Problem to work on.
Every entry below is to be copied word for word, with its pictures removed.

=== Material for this task ===

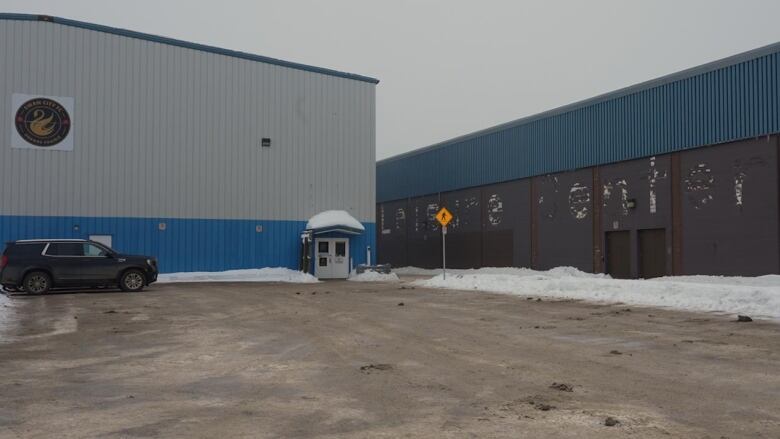 Two grey buildings on a winter day. The one on the right has a faded sign that says Leisure Centre.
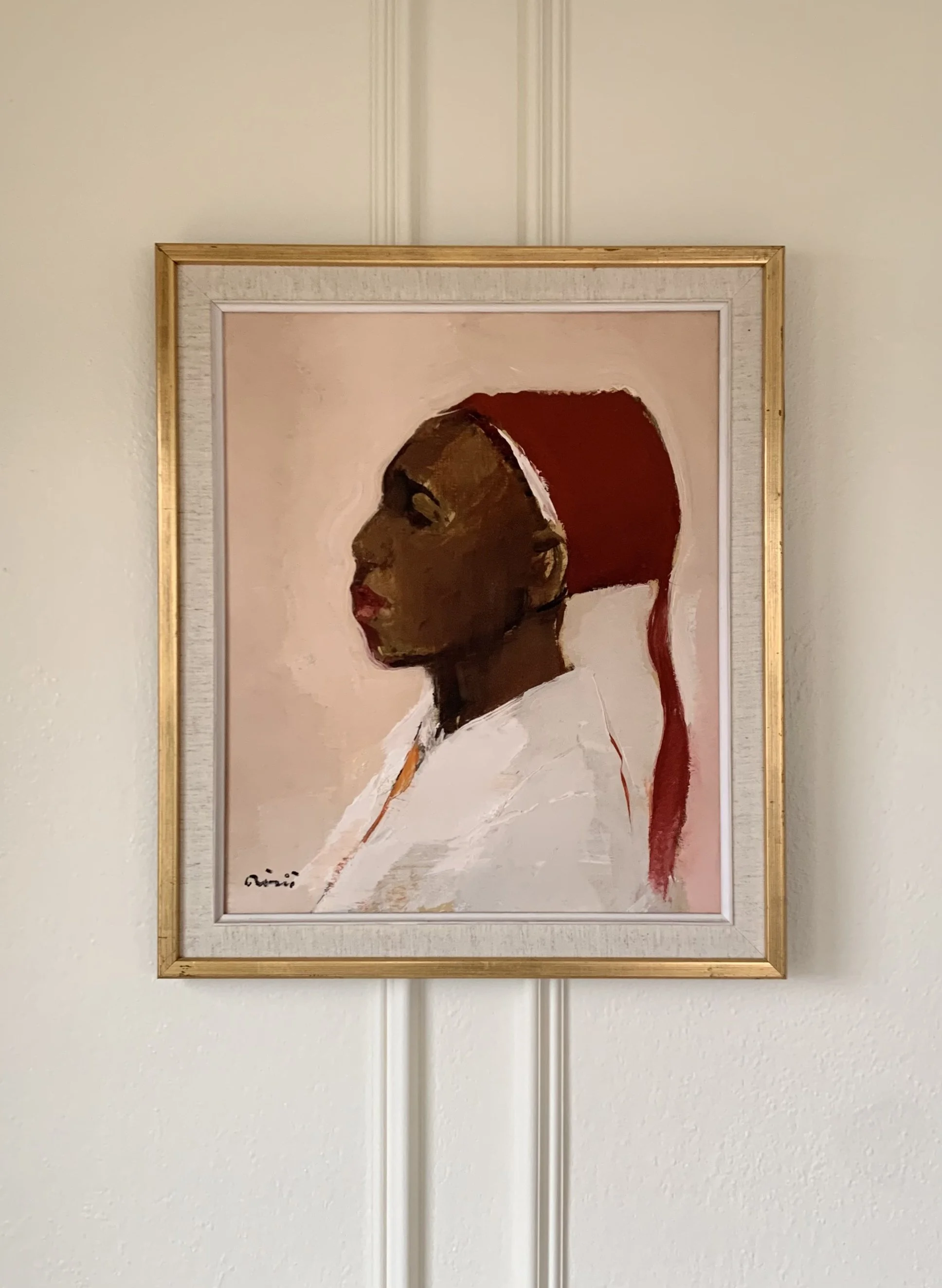 Striking Woman in a Red Hat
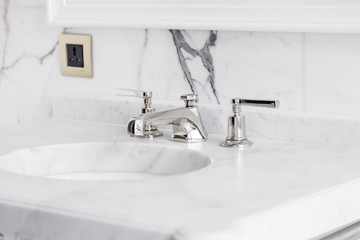 closeup faucet and lavatory white marble restroom interior concept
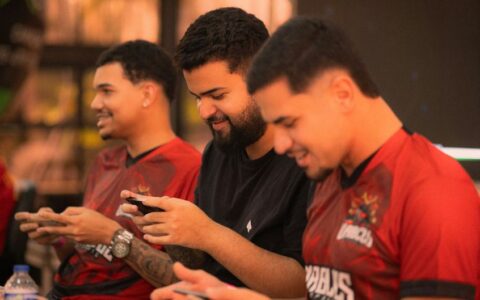 Three young men focus intensely on a mobile gaming competition indoors.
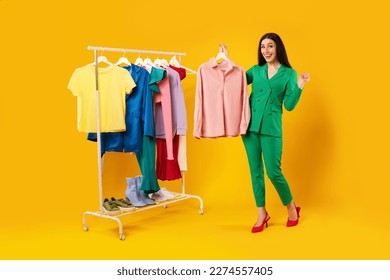 Fashion and style. Happy lady shopping and choosing clothes, holding new shirt and smiling, standing near clothing rail over yellow studio background. Shopaholism concept - Powered by Shutterstock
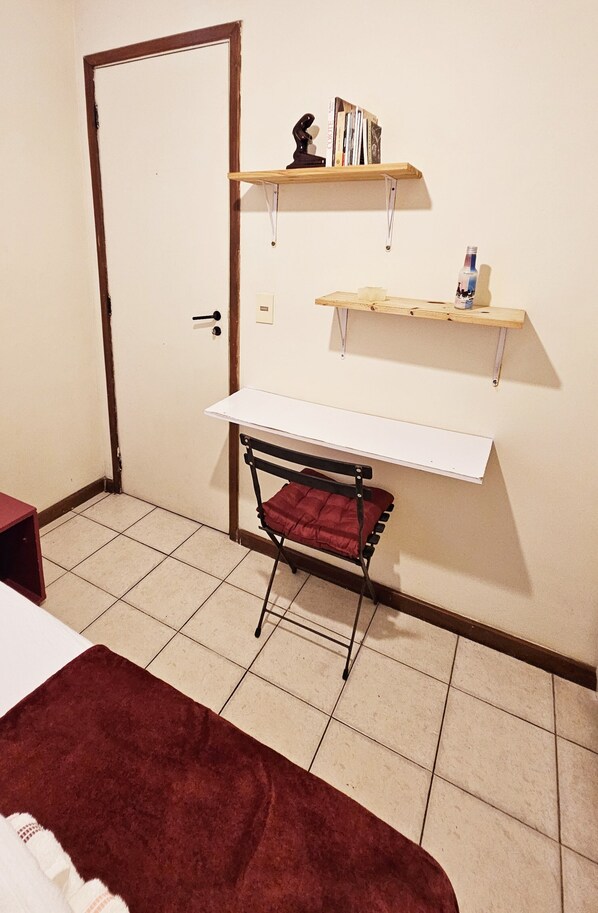 Una habitación pequeña con una cama, un escritorio y dos estanterías.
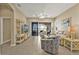 Bright living room featuring neutral tones, tile floors, and sliding glass doors leading to the outdoor living space at 24036 Buckingham Way, Port Charlotte, FL 33980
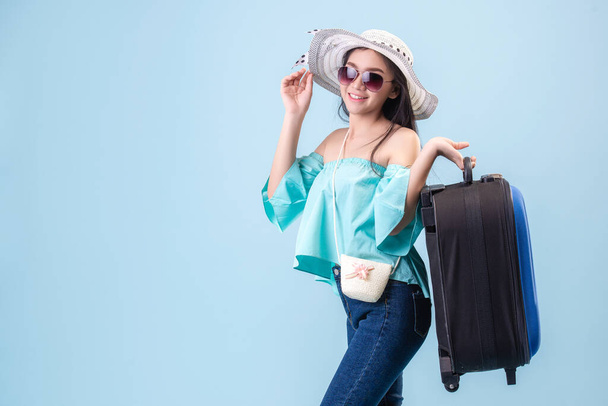 帽子をかぶって眼鏡をかけて、明るい顔をした若いアジアの女の子。スタジオブルーパステルの背景で夏に旅行する手荷物を保持。パステルブルートーンフィルター. - 写真・画像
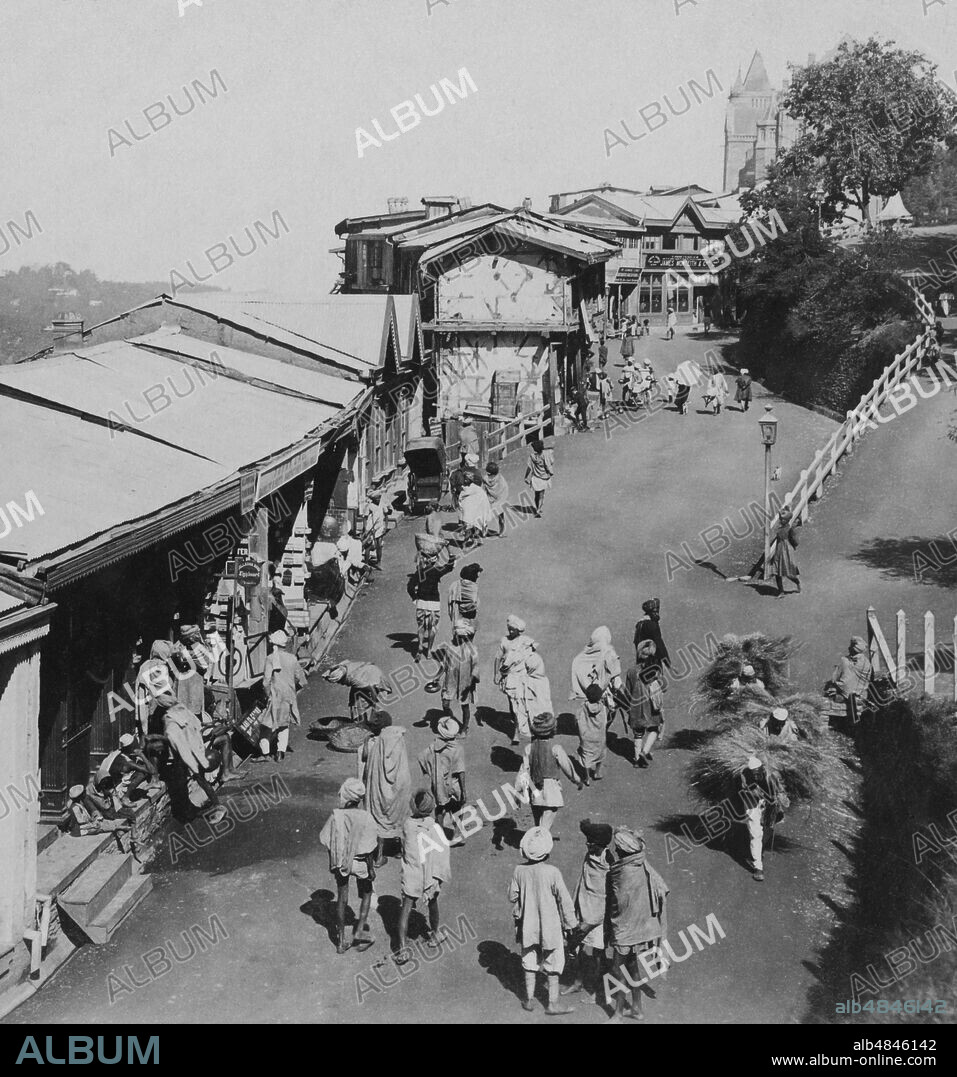 Victorian stereoview card from circa 1900 India, historic social image. Native stores and traders along lower Bazaar, Simla, the summer capita, high ridge of one of the outlying hills of the Himalayas, facing towards distant Cashmere;  Simla, India.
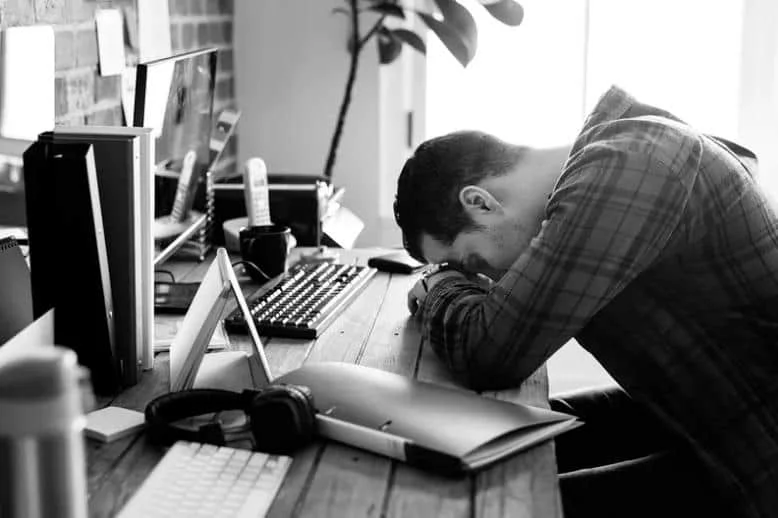 stressed man with head on the work table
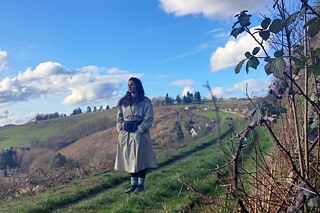 Eine junge Frau im hellen Regenmantel steht in einem Weinberg und blickt in die Ferne.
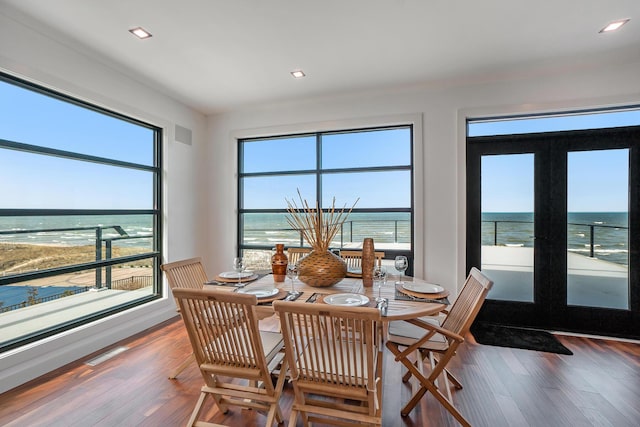 dining area featuring a water view, wood-type flooring, french doors, and a view of the beach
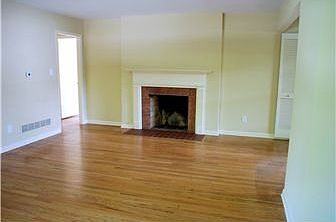 A brick fireplace is the focal point of living rm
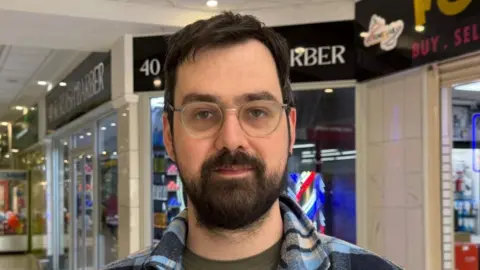 Andy Blair is pictured in a shopping centre. He has short dark hair, a dark beard and is wearing silver framed glasses and a blue checked shirt.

===

Task output.
 Two grey buildings on a winter day. The one on the right has a faded sign that says Leisure Centre.
 Striking Woman in a Red Hat
 closeup faucet and lavatory white marble restroom interior concept
 Three young men focus intensely on a mobile gaming competition indoors.
 Fashion and style. Happy lady shopping and choosing clothes, holding new shirt and smiling, standing near clothing rail over yellow studio background. Shopaholism concept - Powered by Shutterstock
 Una habitación pequeña con una cama, un escritorio y dos estanterías.
 Bright living room featuring neutral tones, tile floors, and sliding glass doors leading to the outdoor living space at 24036 Buckingham Way, Port Charlotte, FL 33980
 帽子をかぶって眼鏡をかけて、明るい顔をした若いアジアの女の子。スタジオブルーパステルの背景で夏に旅行する手荷物を保持。パステルブルートーンフィルター. - 写真・画像
 Victorian stereoview card from circa 1900 India, historic social image. Native stores and traders along lower Bazaar, Simla, the summer capita, high ridge of one of the outlying hills of the Himalayas, facing towards distant Cashmere;  Simla, India.
 stressed man with head on the work table
 Eine junge Frau im hellen Regenmantel steht in einem Weinberg und blickt in die Ferne.
 dining area featuring a water view, wood-type flooring, french doors, and a view of the beach
 A brick fireplace is the focal point of living rm
 Andy Blair is pictured in a shopping centre. He has short dark hair, a dark beard and is wearing silver framed glasses and a blue checked shirt.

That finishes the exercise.